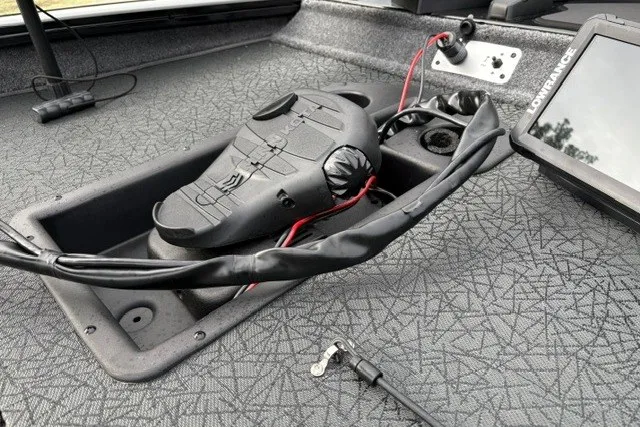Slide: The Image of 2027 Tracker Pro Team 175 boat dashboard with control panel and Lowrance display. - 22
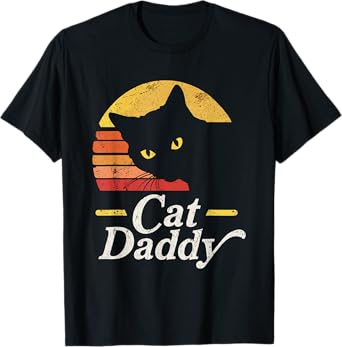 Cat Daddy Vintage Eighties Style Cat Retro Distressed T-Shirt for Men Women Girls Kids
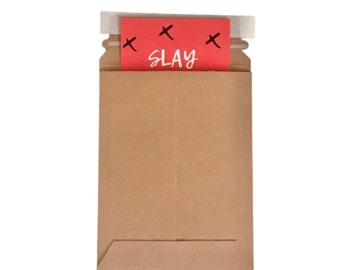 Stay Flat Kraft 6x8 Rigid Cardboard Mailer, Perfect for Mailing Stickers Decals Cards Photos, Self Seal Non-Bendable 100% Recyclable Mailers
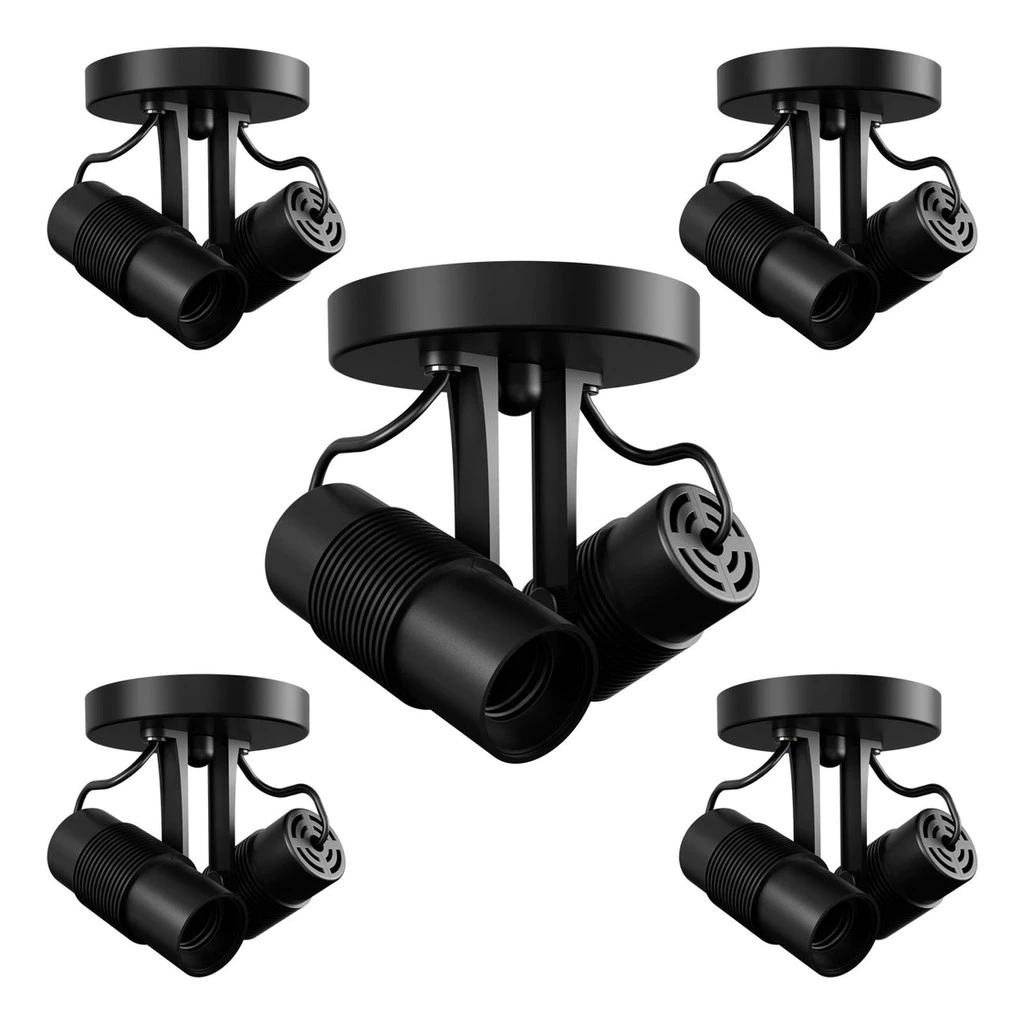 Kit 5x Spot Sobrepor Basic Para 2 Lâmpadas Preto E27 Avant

> [Assignment]:
Starting with the line that contains "Cat Daddy Vintage", reproduce every line to the end of the material above, both end lines included, exactly and with no pictures.

> [Response box]:
 Cat Daddy Vintage Eighties Style Cat Retro Distressed T-Shirt for Men Women Girls Kids
 Stay Flat Kraft 6x8 Rigid Cardboard Mailer, Perfect for Mailing Stickers Decals Cards Photos, Self Seal Non-Bendable 100% Recyclable Mailers
 Kit 5x Spot Sobrepor Basic Para 2 Lâmpadas Preto E27 Avant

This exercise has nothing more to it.